__Activity__.
The line with "松本痙【末裔系女子は普通になりたい。（単話）】 制服 評価1.00" marks the first line to copy, and the line with "稳定的关系漫画,第52章：压力3图" marks the last. Transcribe that stretch of the data below exactly, without pictures.

(Short descriptive text snippets)
----------------------------------------

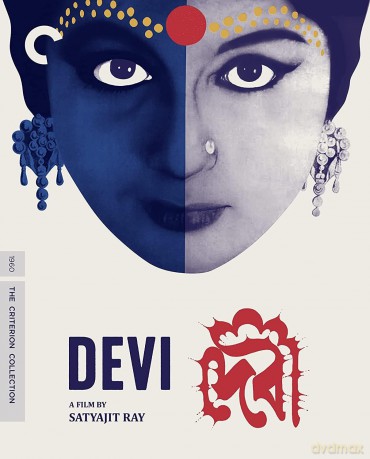 Devi [Blu-Ray]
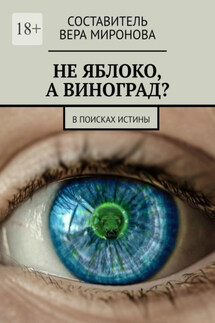 Не яблоко, а виноград? В поисках истины - Вера Миронова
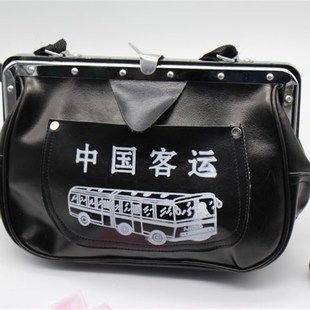 中国客运包售票员专用包公交车卖票包生L意包票夹子钱夹子生意包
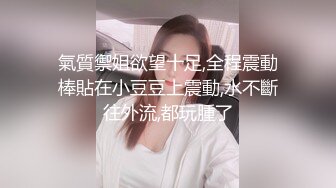 性感人妻约炮大神〖WetAznPussy〗年少不知少妇好错吧萝莉当成宝 知性温柔又性感 大神约炮极品人妻小姐姐 连裤袜 (1)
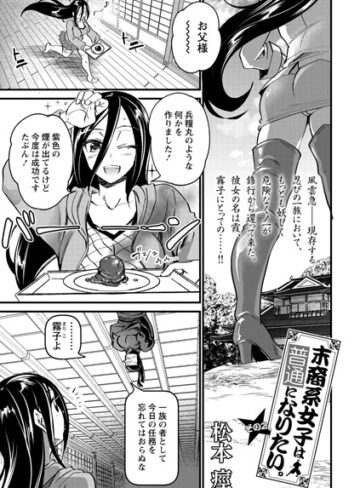 松本痙【末裔系女子は普通になりたい。（単話）】 制服 評価1.00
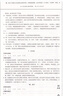 2025秋 北京西城學(xué)習探究診斷 高一高二上下冊 語(yǔ)文數學(xué)英語(yǔ)物理化學(xué)政治歷史地理生物 必修 選擇性必修第一二三冊 必修1234上下 學(xué)探診第16版 高二上冊  生物選擇性必修1【16版】 曬單實(shí)拍圖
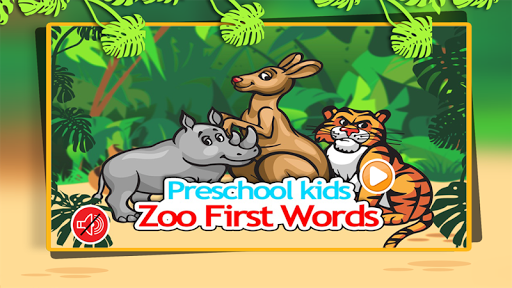 유치원 어린이 동물원 첫 단어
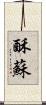 酥 Scroll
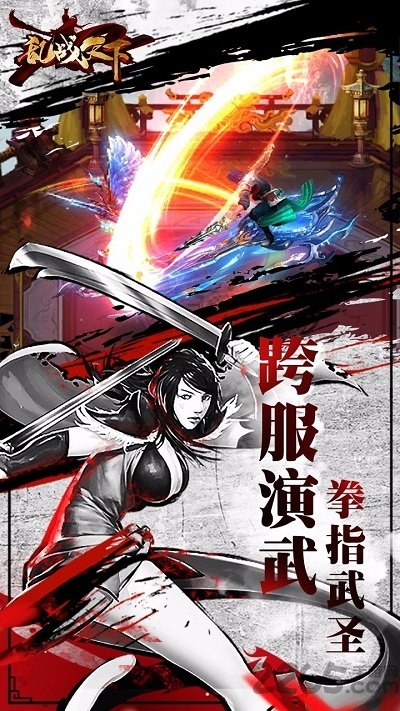 乱战天下单机内购破解版下载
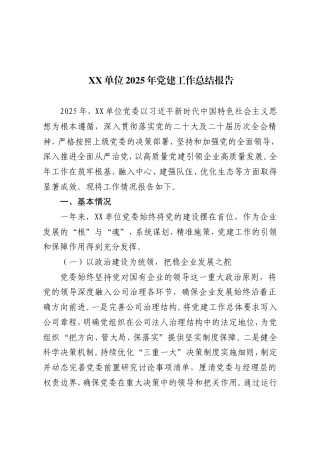 XX单位2025年党建工作总结报告.doc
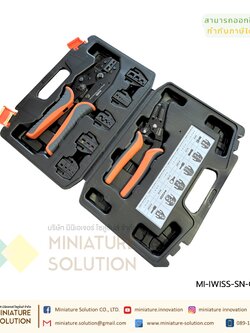 ชุดคีมย้ำหางปลา ชุดคีมย้ำเข้าหัว คีมตัด ครบชุด MC4 IWISS SN-QC Quick change Box set แบบเปลี่ยนหัวได้ 5 in 1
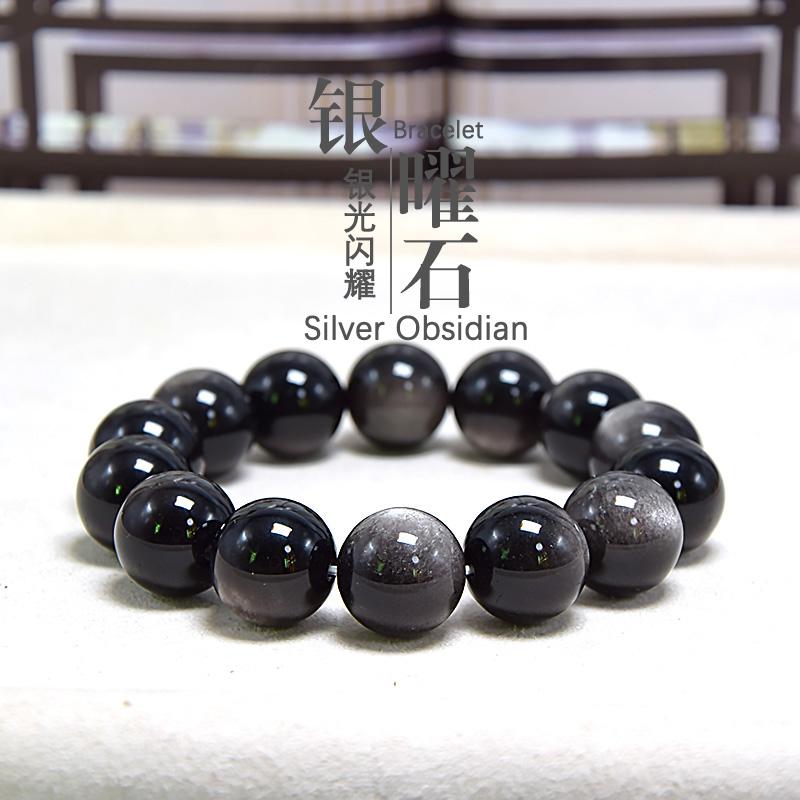 银曜石天然原矿晶石黑曜石手串男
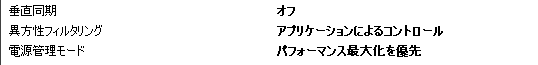 f:id:dole3104:20171008153745p:plain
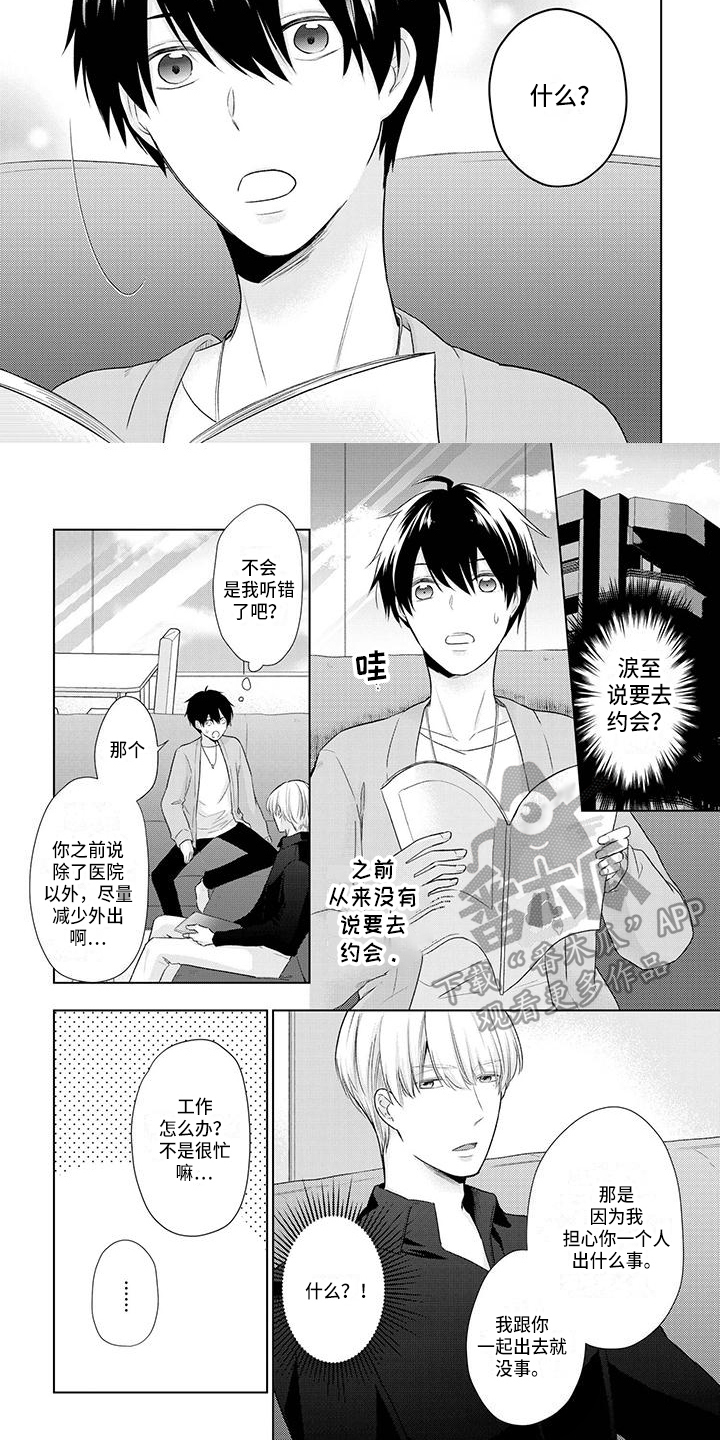 稳定的关系漫画,第52章：压力3图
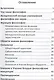 Знание о Сущем По трудам Т.Н. Микушиной (мФилАспУчВМудр) Новичева - фото 2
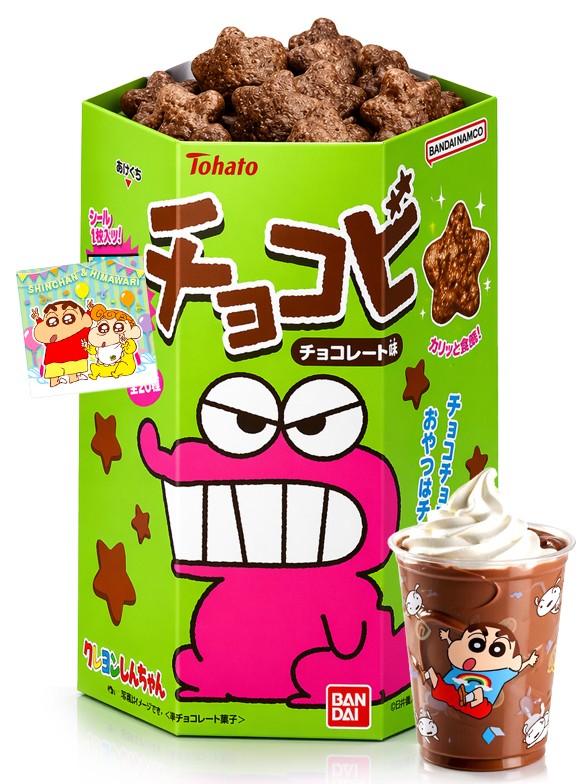 Galletas Snack Chocobi Shin Chan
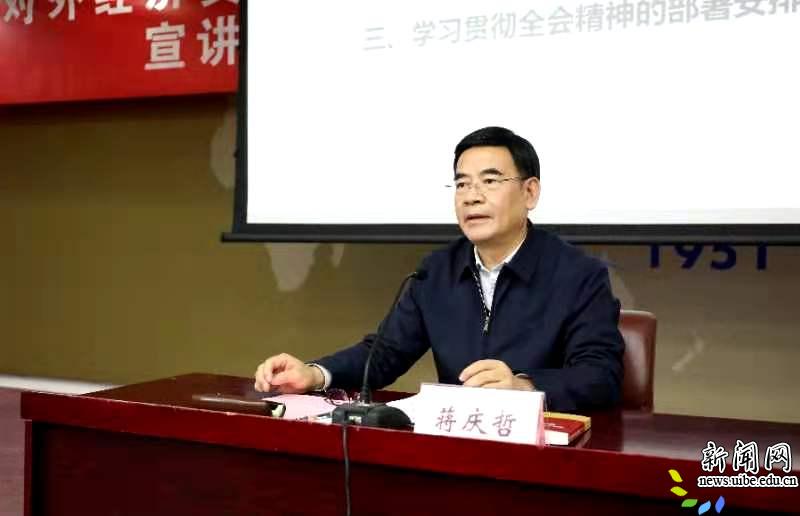 职能部门处级干部代表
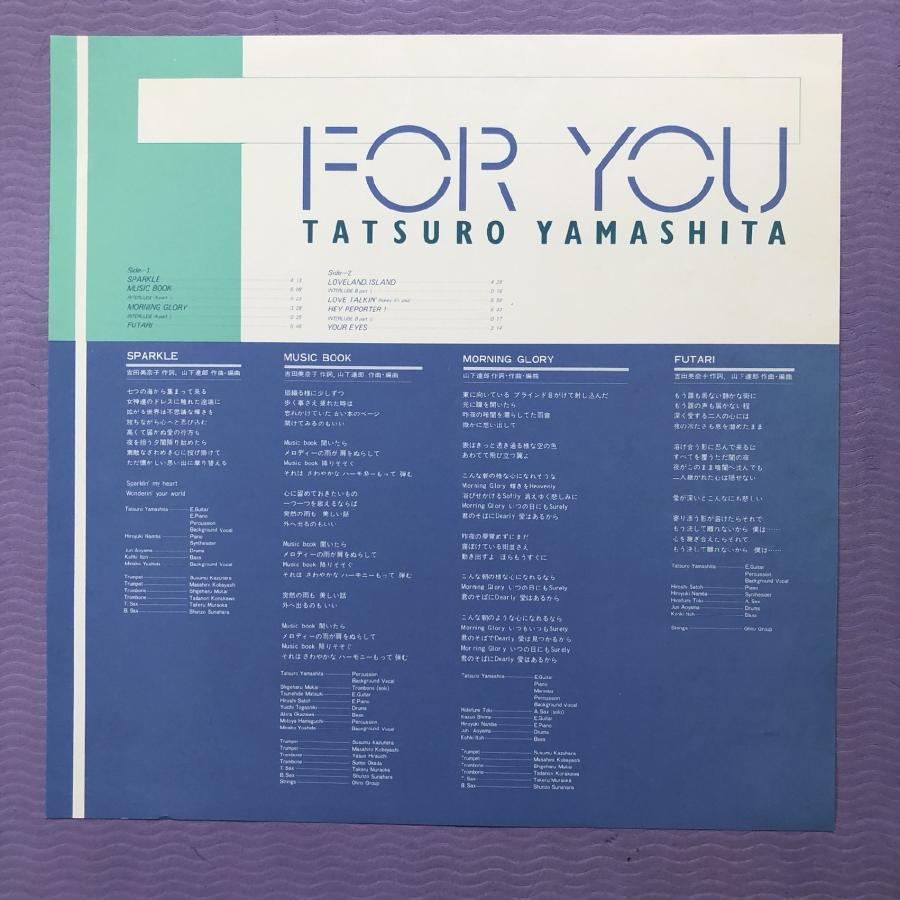 良盤 良ジャケ 1982年 オリジナルリリース盤 山下達郎 Tatsuro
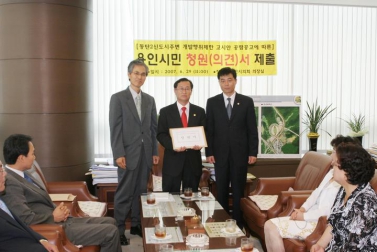 동탄2 신도시 관련 주민 청원서 제출(기흥단지)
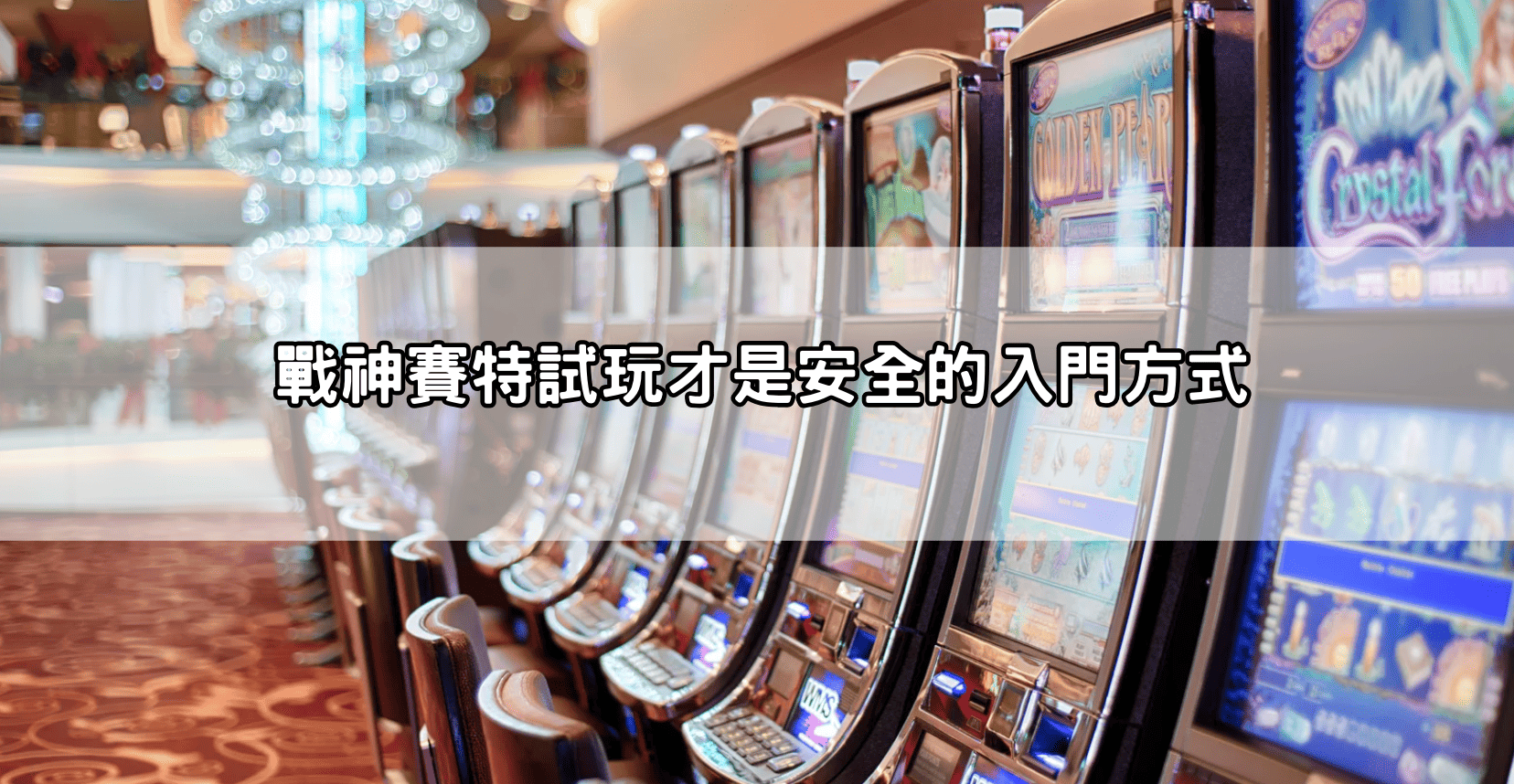 戰神賽特試玩才是安全的入門方式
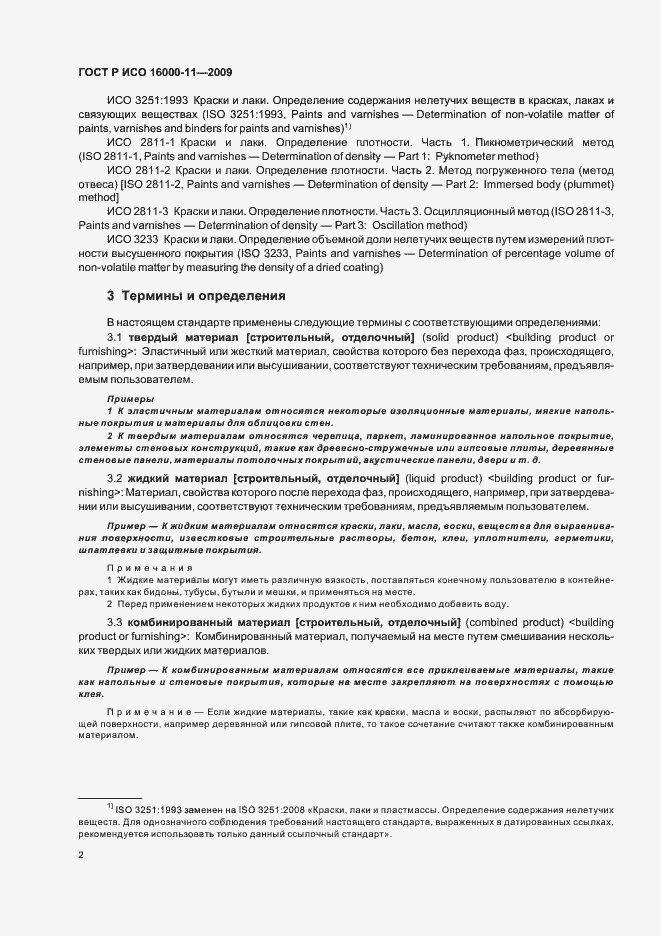 Страница 6 ГОСТ Р ИСО 16000-11-2009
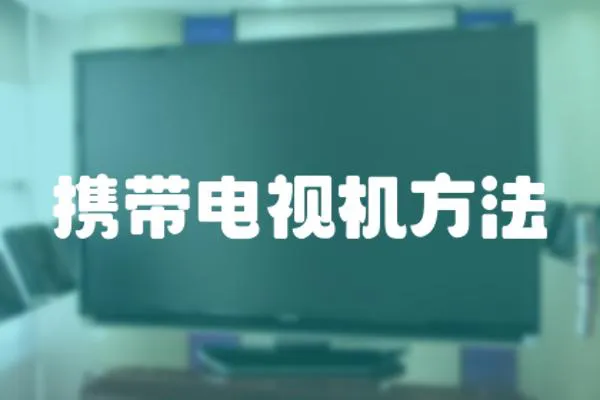 攜帶電視機(jī)方法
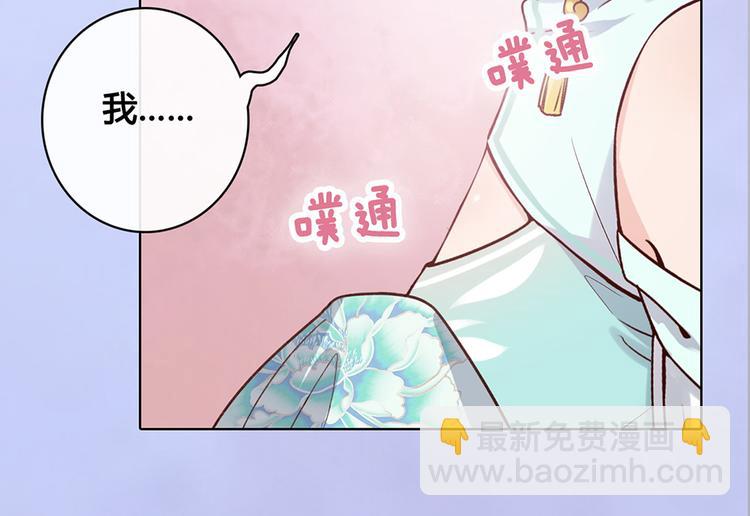 第40话 毒心(1/3)-第40话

----------------------------------------

__Your solution__.
 松本痙【末裔系女子は普通になりたい。（単話）】 制服 評価1.00
 2025秋 北京西城學(xué)習探究診斷 高一高二上下冊 語(yǔ)文數學(xué)英語(yǔ)物理化學(xué)政治歷史地理生物 必修 選擇性必修第一二三冊 必修1234上下 學(xué)探診第16版 高二上冊  生物選擇性必修1【16版】 曬單實(shí)拍圖
 유치원 어린이 동물원 첫 단어
 酥 Scroll
 乱战天下单机内购破解版下载
 XX单位2025年党建工作总结报告.doc
 ชุดคีมย้ำหางปลา ชุดคีมย้ำเข้าหัว คีมตัด ครบชุด MC4 IWISS SN-QC Quick change Box set แบบเปลี่ยนหัวได้ 5 in 1
 银曜石天然原矿晶石黑曜石手串男
 f:id:dole3104:20171008153745p:plain
 稳定的关系漫画,第52章：压力3图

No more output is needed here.